**AIM OF THE EXERCISE**
Make an exact copy of the listing, without images.

**RAW DATA**
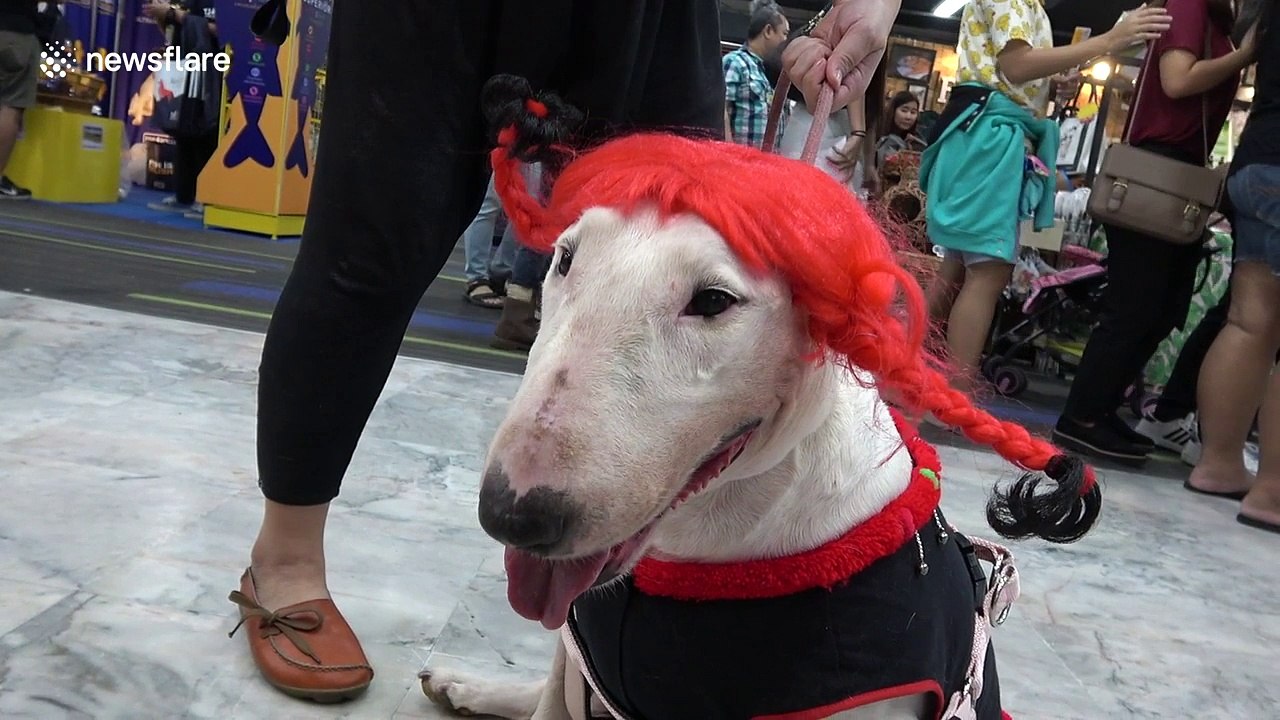 Bizarrely costumed pets at Thai show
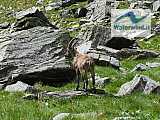 Rifugi Coca e Cur&ograve;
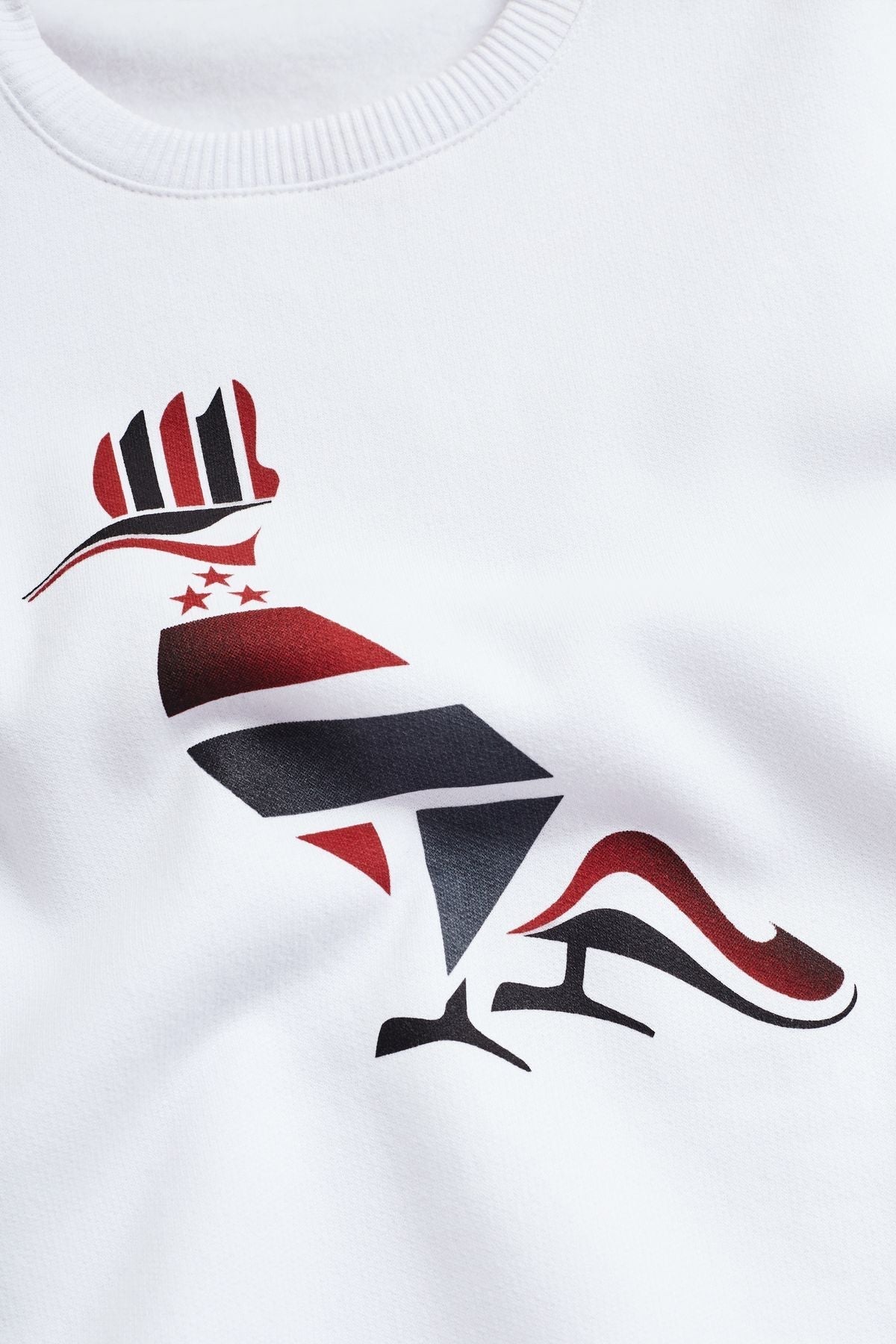 Sueter moletom mini pp São Paulo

**SOLUTION TO THIS PROBLEM**
 Bizarrely costumed pets at Thai show
 Rifugi Coca e Cur&ograve;
 Sueter moletom mini pp São Paulo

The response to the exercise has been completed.